It was a hot day today... it seemed like a storm in the making but the sun melted away the threats of rain and things just went from hot to ... hotter.
We arrived at the seniors res to a welcoming committee armed with little cups of kool aid and old teeth smiles... The kids started all bunched together, unsure of what was going on around them... but within ten minutes they had fanned out, chatting with old ladies in wheel chairs, playing checkers and chess with old guys in a lounge area and a bunch of kids out on a patio with road-chalk drawing huge pictures while a gang of very old ladies sat in wheel chairs watching.
While everyone was being served snow cones, I got to talking to Francis.
She fell in love with her dearly departed husband when she was 20, but he was still in school and getting married before school ended was just not done. It was 1944 and he had just become one of three Rhodes scholars named in Canada that year. Rhodes scholars were not allowed to wed until they finished their education... however he couldn't begin his studies until the war ended.
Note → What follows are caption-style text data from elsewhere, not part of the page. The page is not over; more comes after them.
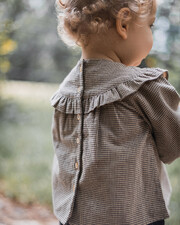 Gingham blouse Anthracite grey/beige color  Natalys
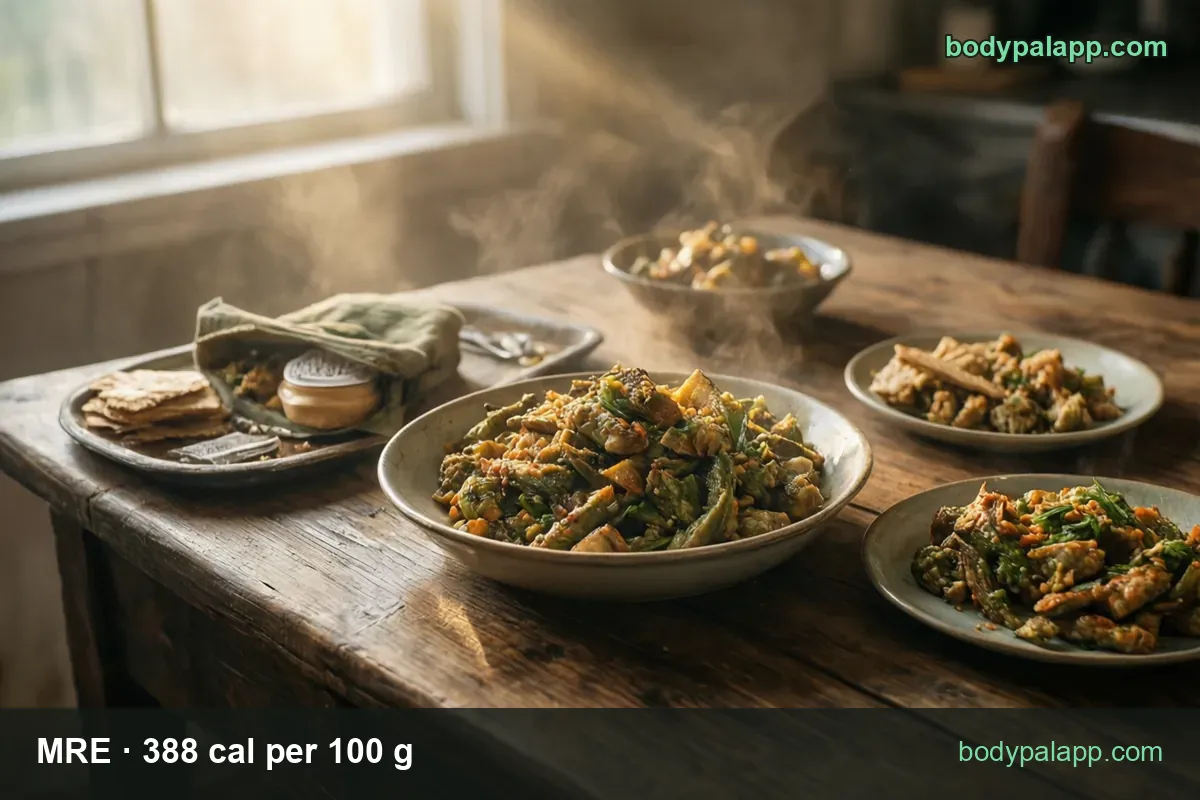 Bowls of meat and vegetable stew with crackers on a metal tray; 1 bar (67 g) 260 cal and 1 oz (28 g) 110 cal.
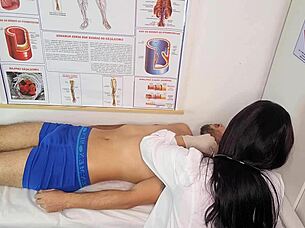 Cute brunette nurse with small waist makes amateur patient moan with her big tits and hard erection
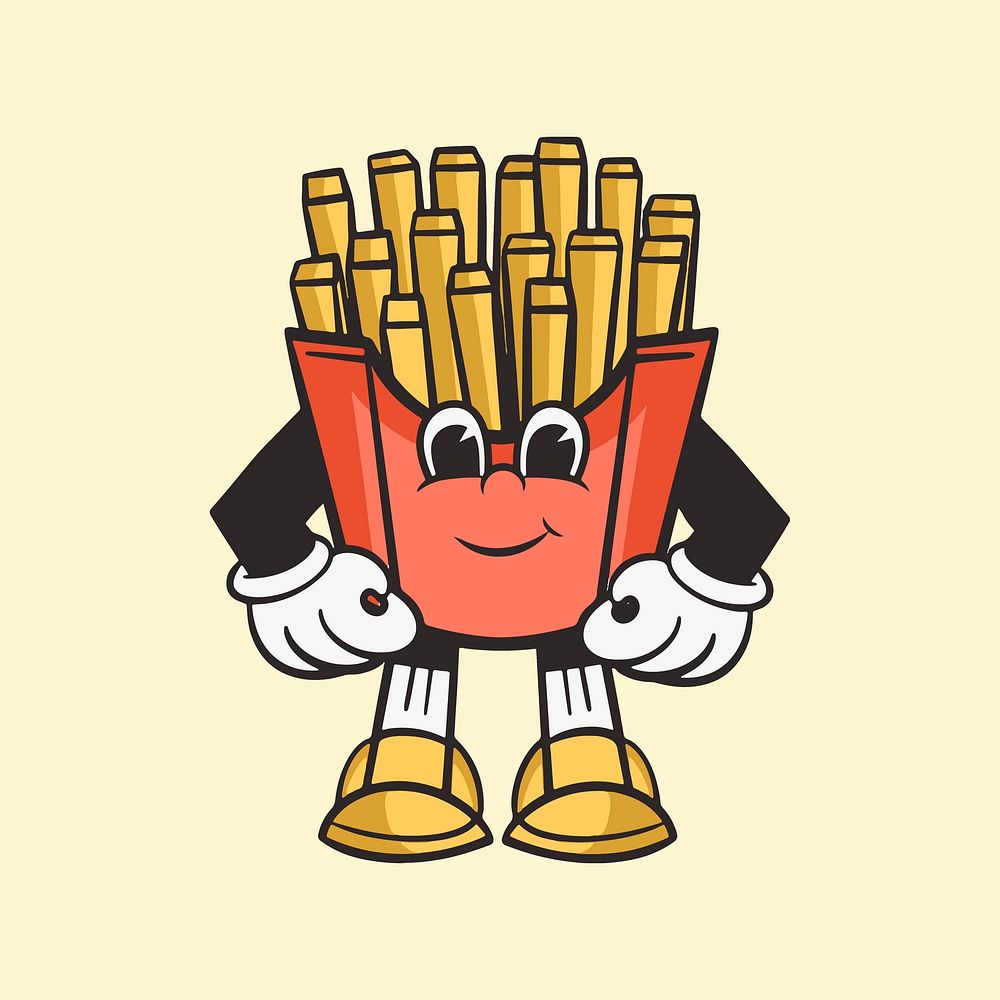 Fries character, colorful retro illustration psd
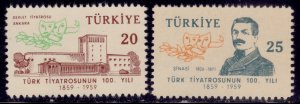 Turkey, 1959, 100th Anniversary of Theater, sc#1434-1435, MNH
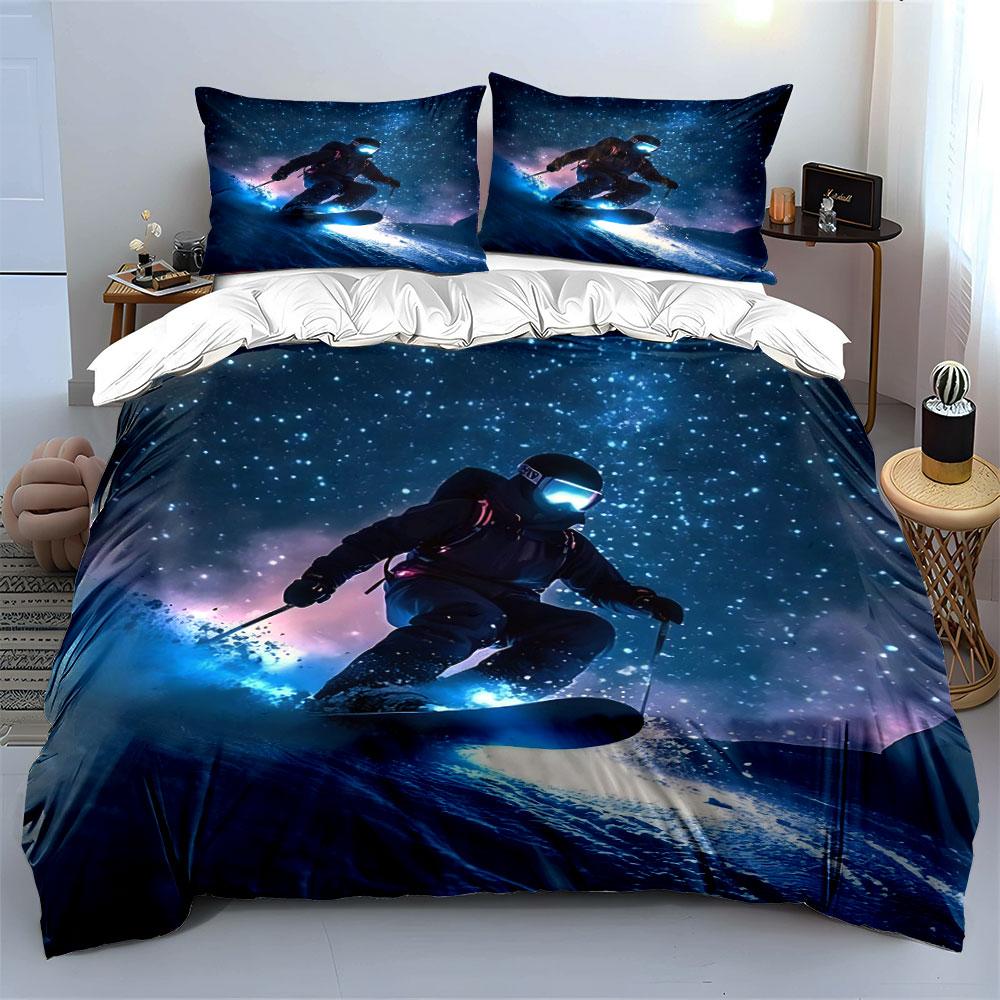 Snowboarder with starry background. Bedding sets Duvet cover sets Duvet covers Pillowcases(1 * Duvet Cover 2 * Pillowcases without duvet insert)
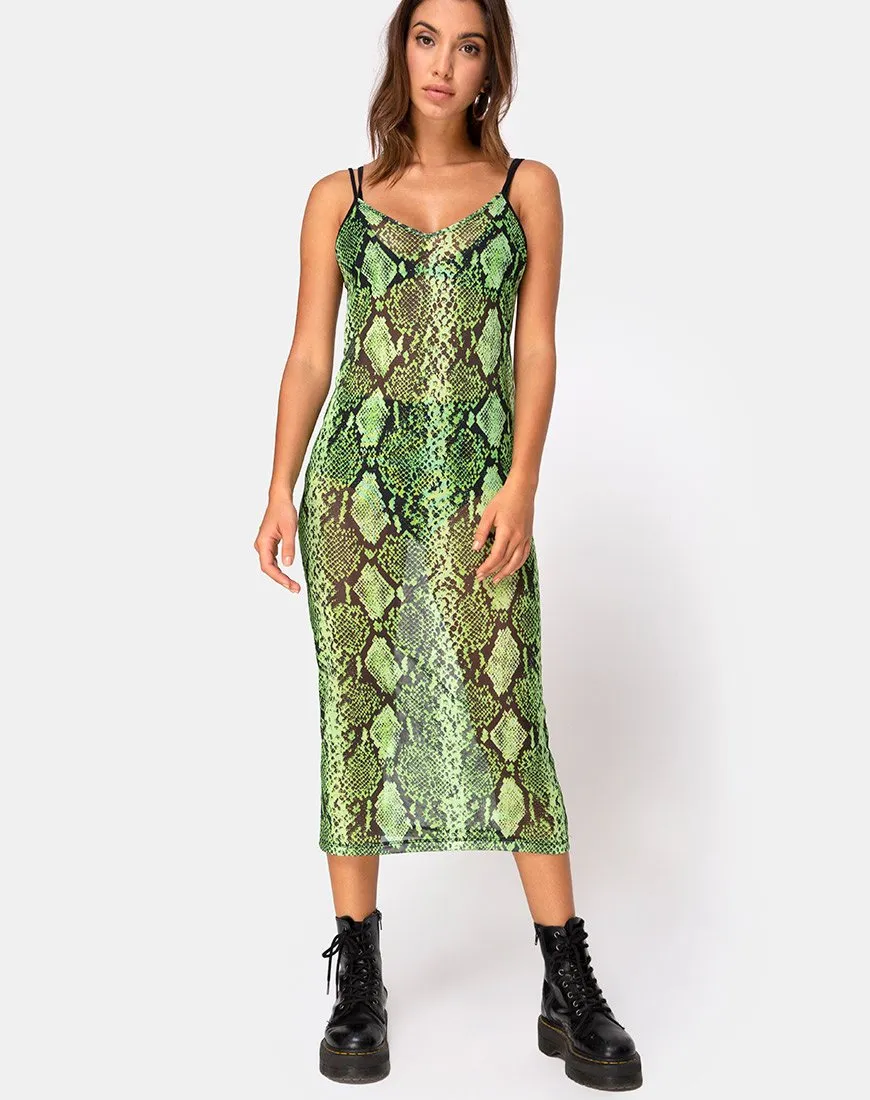 Midnight Midi Dress in Slime Lime Snake Mesh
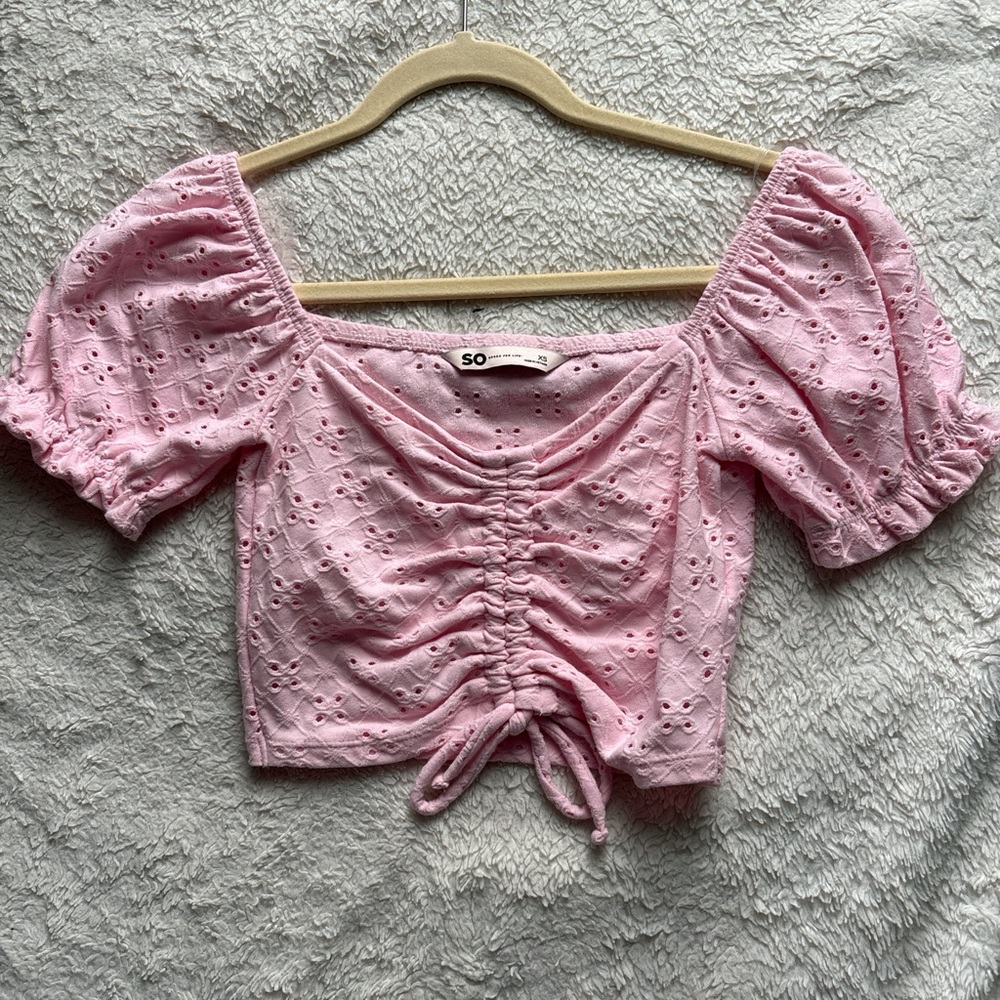 SO Women's Pink Ruched Top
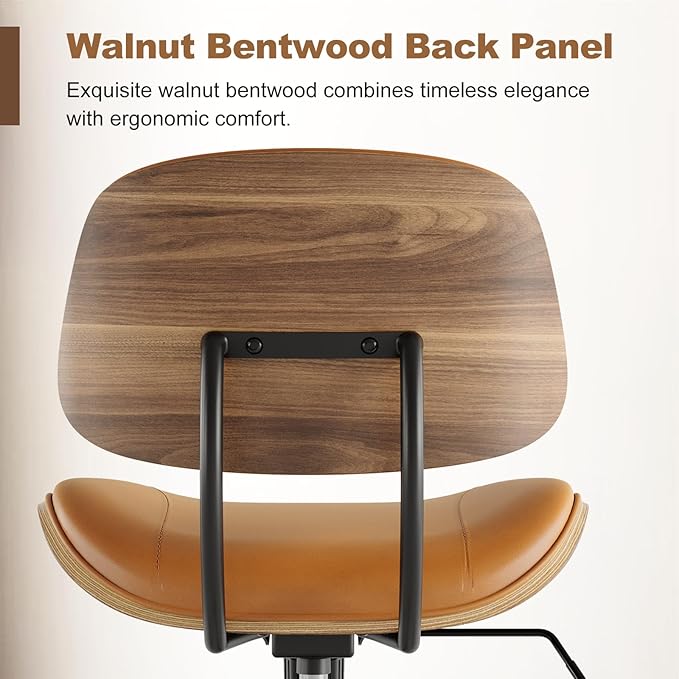 Armless Office Chair with Wheels, PU Leather Adjustable Height Desk Chair - 360° Swivel Ergonomic Computer Chair for Small Space, Modern Walnut Style, Home & Meeting Room, Brown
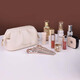 Jin Riman Portable Cosmetic Bag Women's Large Capacity New Cosmetic Small Storage Bag Light Luxury Portable Toiletries Bag Storage Bag French Portable Grab Bag Milk Apricot White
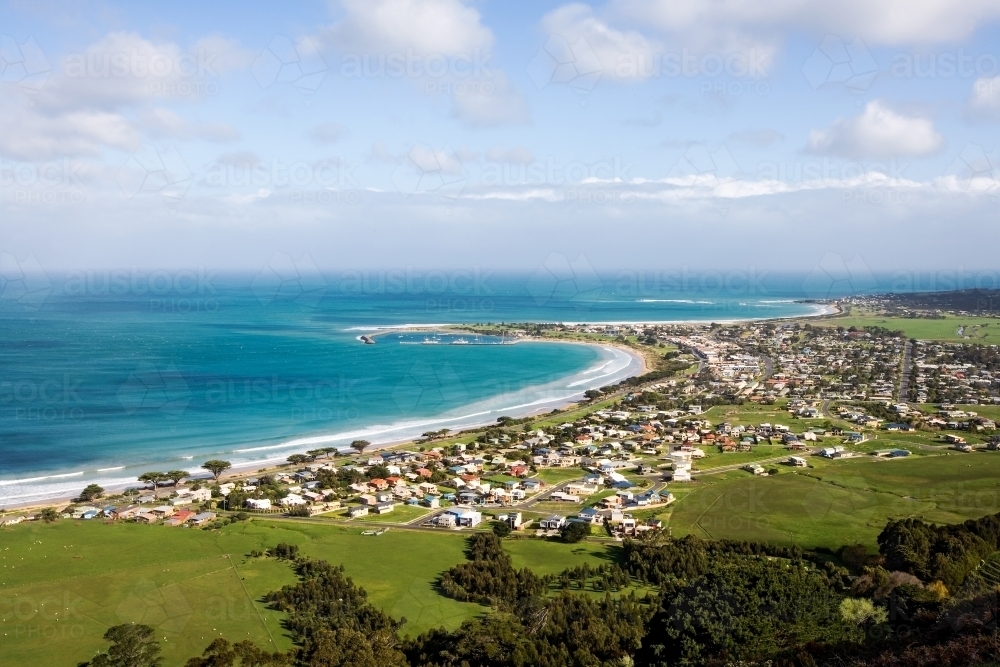Panoramic view of coastal town - Australian Stock Image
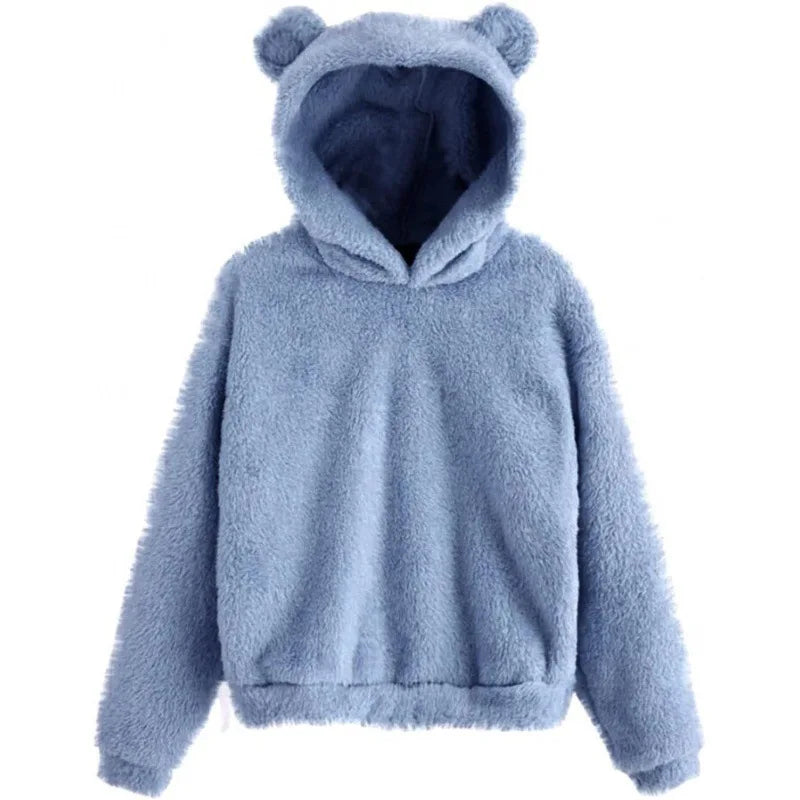 Winter Women's Hoodies Winter Women Long Sleeve Rabbit Ear Hood Sweatshirt Cute Plush Warm Casual Hoodie Tops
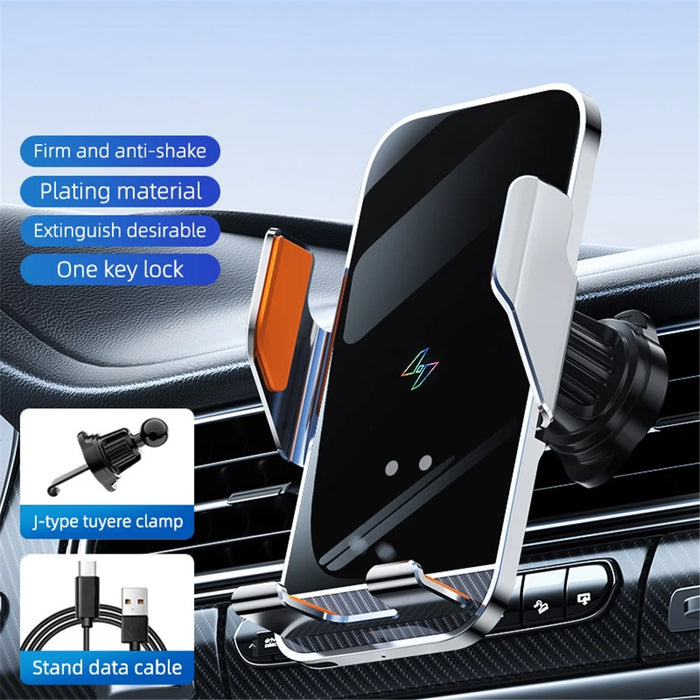 C8 15W Car Air Vent Phone Holder Wireless Charger Metal Charging Bracket - Grey - 2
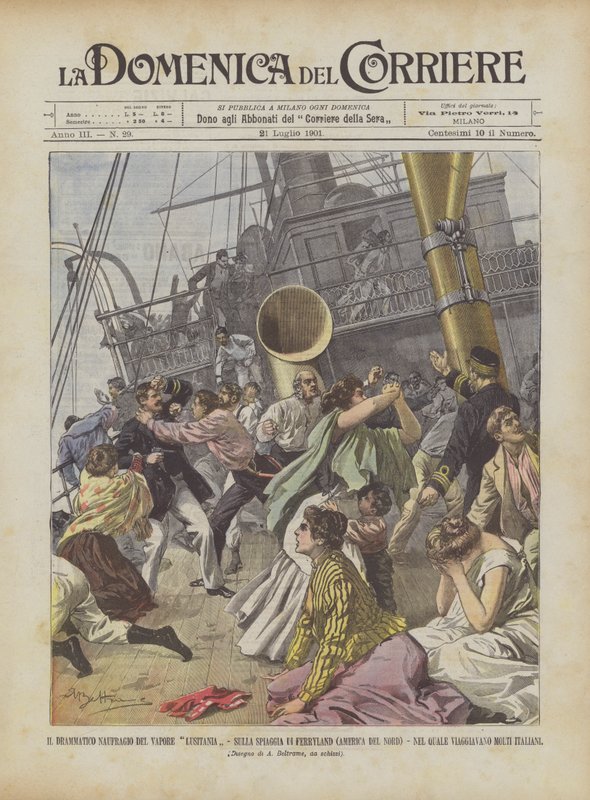 Det dramatiske forliset til Lusitania Vapor, på Ferryland Beach (Nord-Amerika)? av Achille Beltrame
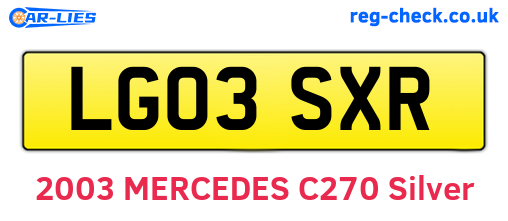 LG03SXR are the vehicle registration plates.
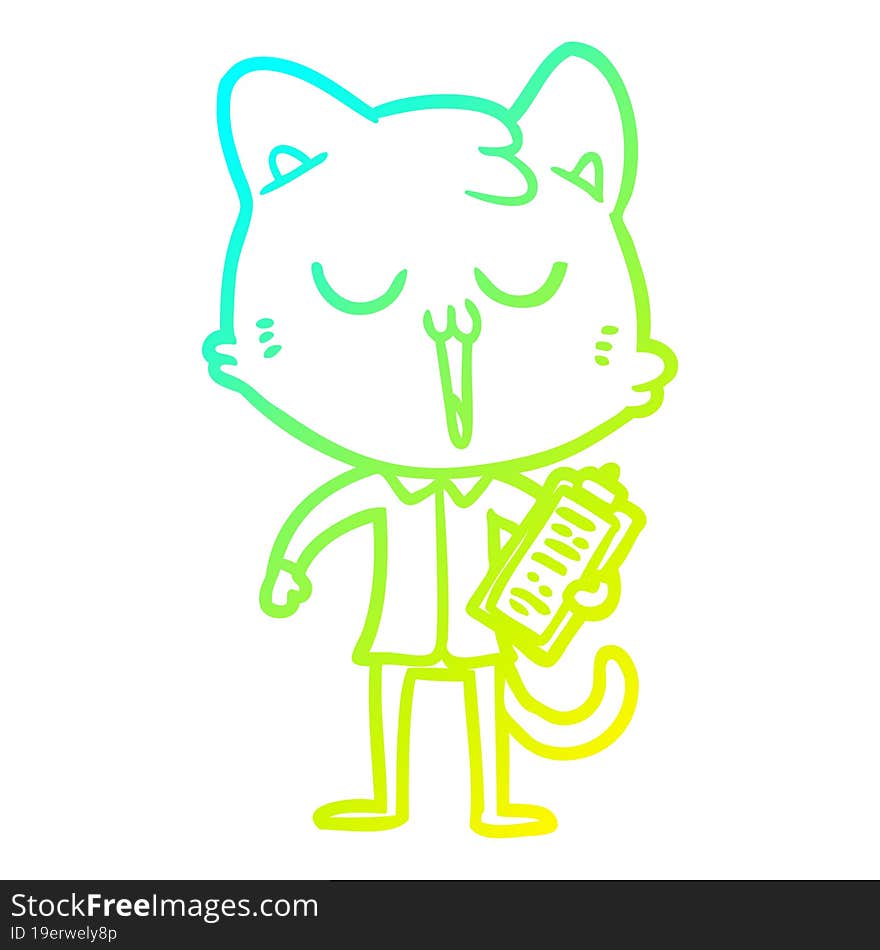 Cold Gradient Line Drawing Cartoon Cat Singing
So love bloomed with a fear of imminent separation hanging over their lives.
The war ended and the government in England wanted people to marry and have babies and to do it... now! It was this attitude that resulted in the rules for Rhodes scholars being changed and so long as she could show that all of her costs would be covered, she was welcome to marry and accompany him on this journey. A cruise ship, converted to a troop transport and destined for conversion back, was transport for the newlyweds... Canada to England, 1946.
Oxford... Christ Church College, and the first married Rhodes scholars to arrive in the long history of the school sat in the Deans office. There would be 80 wives in attendance by the end of his studies, but they were the first. Accommodations for such a couple was uncharted water and needed the intervention of the Dean to get things sorted.
The Dean had them as house guests for a week... and along with his other house guest, they shared stories and memories. The other guest of the Dean was a life long friend who was staying for some time and, was related to another student of Christ Church College... His name was Lewis, and while lived in this very house, he had cared for and penned a story for a sweet young girl ... named Alice.
As Francis and her new husband began their post war life, they shared the stories of this Lewis.
I immediately mentioned "Finding Neverland" (I have not seen it, but I am now most eager) and asked if she has seen the movie. "I had a small stroke five years ago and lost the vision in my left eye... then two years ago... my right began to fail. I can't seen any movies." Her enjoyment of the children chalk drawing on the patio was the pure enjoyment of hearing their voices as they played.
I asked her about "Books on Tape" and she said...
"Oh yes... I have a tape player... and we used to get books on tape... but they are all on those discs now."
"Do you have a CD Player?" I asked her?
"No... but my son told me he'd bring me one and show me how to use it..."
long pause...
"but that was last year..."
My heart was ready to break here...
"Do you like to listen to books with headphones or from a "box" like radio?"
"Oh a box... but..."
I spend time every year collecting donations to help the CNIB support vision impaired community members... but I know in my heart that this is something I can do that will have a real and valuable impact.
The office staff were happy to give me her full name... and Francis will have a CD player boom box this week... I'll show her how to use it.